Hello - I am a new member, interested in the Catholic faith, and I have a question - I will try to keep it as short and to the point as I can.
As a child/teen, I was hurt and scarred deeply on a mental and emotional level by people who twisted and abused God’s teachings, and unfortunately, this really poisoned my relationship with God. It took me YEARS to realise that this was not God’s fault.
What unfortunately happened in my late teens was that I began to believe that the devil was the true saviour… I thought he was simply misunderstood, that he was “the good guy”, so I began to pray to him.
Eventually I got involved in a cult-like group of people, who shattered my pretty illusion, but then found myself caught in the web, and had a hard time breaking free from it again.
I would like to make it clear that I never participated in anything you may have seen in horror films… I never wanted to harm anyone or anything. And ironically, I ALWAYS had certain morals and standards for myself that equals what the Bible teaches. But still, it doesn’t change the fact that I did worship the devil, and tried to convert others to do the same. It doesn’t change the fact that I thought and said things about God that I now wish I hadn’t. And when I finally broke free, I felt like my soul had rotted away.
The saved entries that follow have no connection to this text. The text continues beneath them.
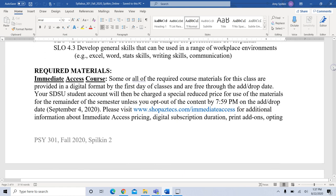In terms of required materials, this is an immediate access course, so all of your required textbooks are provided for you in digital format by the first day of classes and are free through the add/drop date. After that, your SDSU student account will be charged a reduced price for the use of the materials for the remainder of the semester, unless you opt out by 8 o'clock on the add/drop date, which is September 4th.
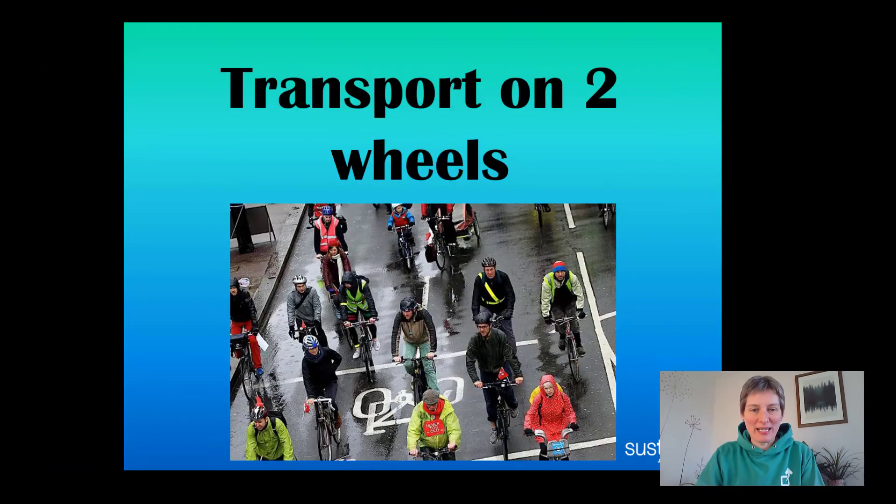Hello, it's Beverley from Sustrans here and I'm joining you for a short lesson thinking about how we get places. When I'm in school I'm often chatting about travelling to different places, so it could be to school, to the shops, to your friend's house — and chatting about how we think about doing that. So different types of transport, different ways we can travel places.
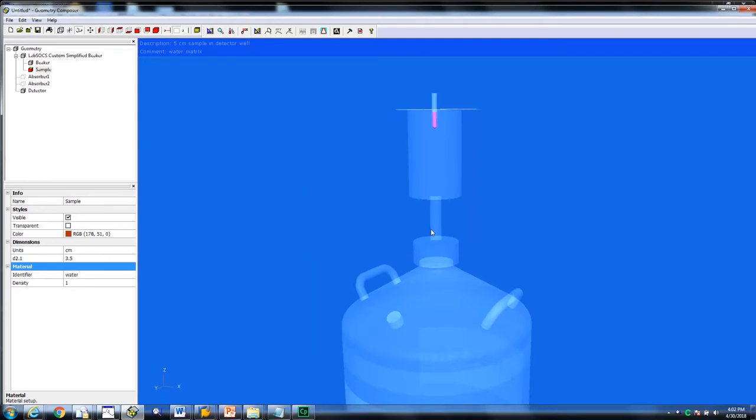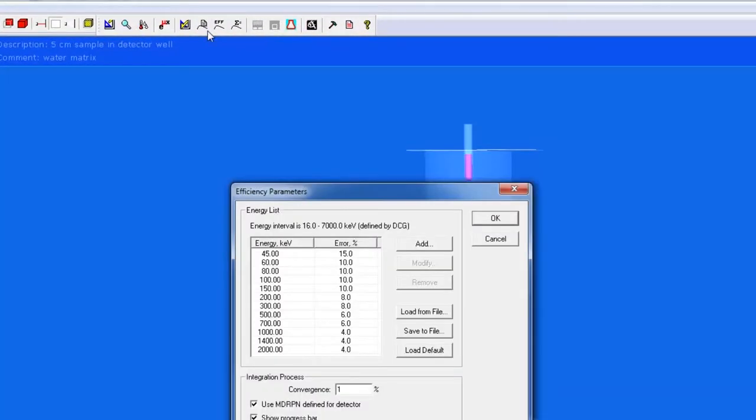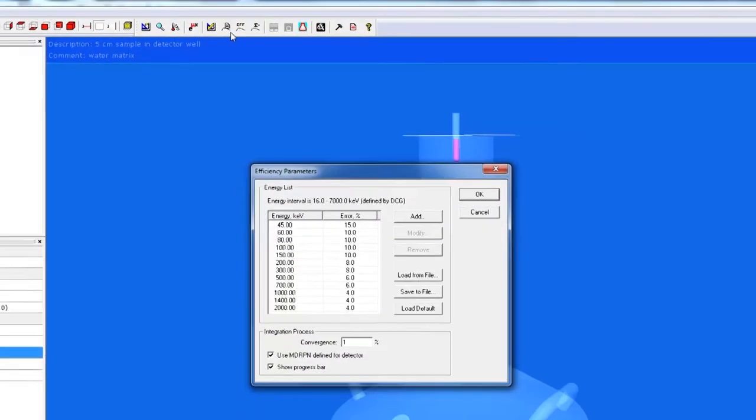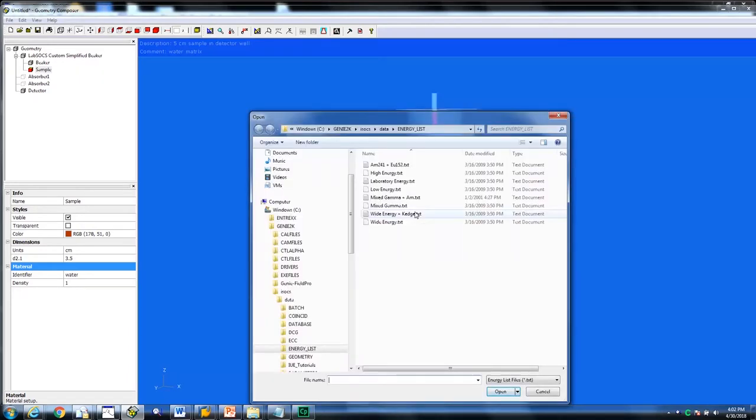To define a range of different energies, click on edit efficiency curve parameters. Some default values are loaded, but you can also go ahead and select a different list by clicking on load from file. Select the file of interest and click open.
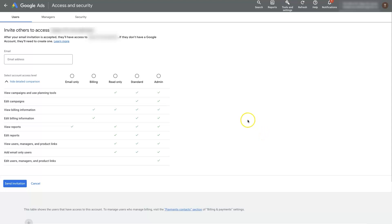So that's pretty much it. It's pretty straightforward. Just make sure that you add them in the right place. So if you're adding an internal user, you add them here.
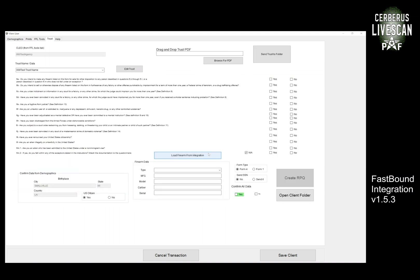And then next, on the trust side to make the 5320.23 form, we can utilize the FastBound data to pull in and populate the form.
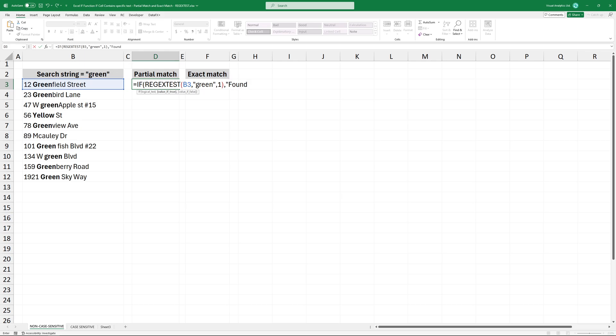If the logical test returns true, the cell should contain found. If the logical test returns false, the cell should contain not found. Press Enter to get the result.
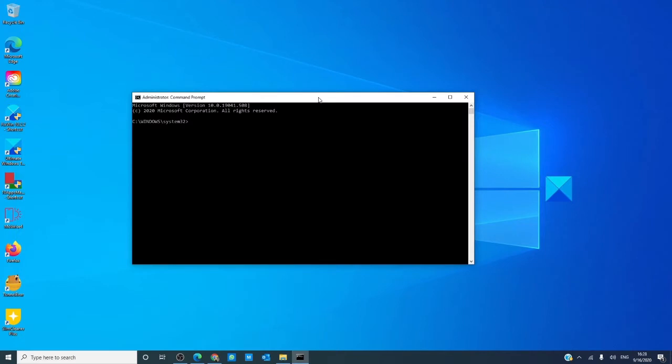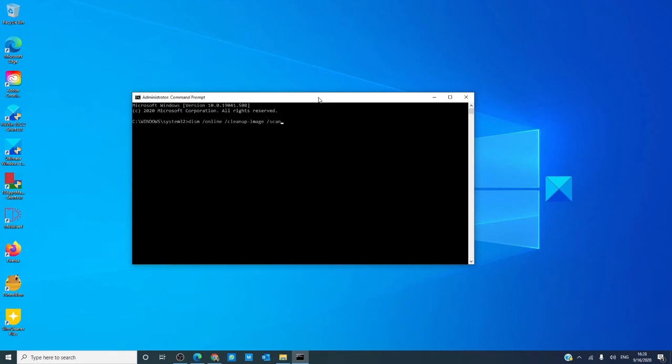Now, there are three different commands we can try. The first one is: DISM, space, online, space, cleanup-image (one word), space, slash, scanhealth.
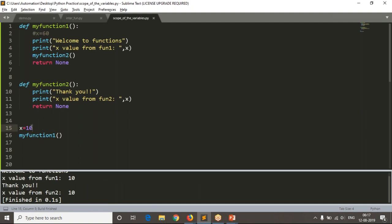Whenever a variable is defined outside of a function, you can access it from function one and function two - that means it is a global variable. If you define any variable outside of functions, where no function wraps it, then x is by default a global variable. A global variable means you can access it anywhere inside your script. If a variable is defined inside a function, it is specific to that function only.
That is a long time ago now, and I have since tried to live a very different life. I have been very drawn to Catholicism for years, but have held back for two reasons: one being the scars from my childhood, but I think I am past that now.
The other is much worse…
Recent dramatic events in my life, where I nearly lost my life, made me realise what is really important to me… and the ONE thing that was constantly on my mind was that I was desperate to repair my relationship with God… and a burning need to be “cleansed”, forgiven for my stupidity back then.
But… can I be forgiven at all for what I have done? Would God even “want me back” now? Would the Church welcome someone like me? I really want to contact my local church, but I am worried about how I will be received.
The truth is that I can’t even forgive myself, and i don’t feel I deserve anything good in life… and I’ve tried to pray, I’ve tried to apologise, but unlike that warm feeling I had as a kid when I prayed… I just feel nothing, like there’s no connection, and that scares me. I don’t know if it’s just in my head, because honestly, I don’t feel like I’m worthy of having my prayers heard. Or am I just a hopeless case now?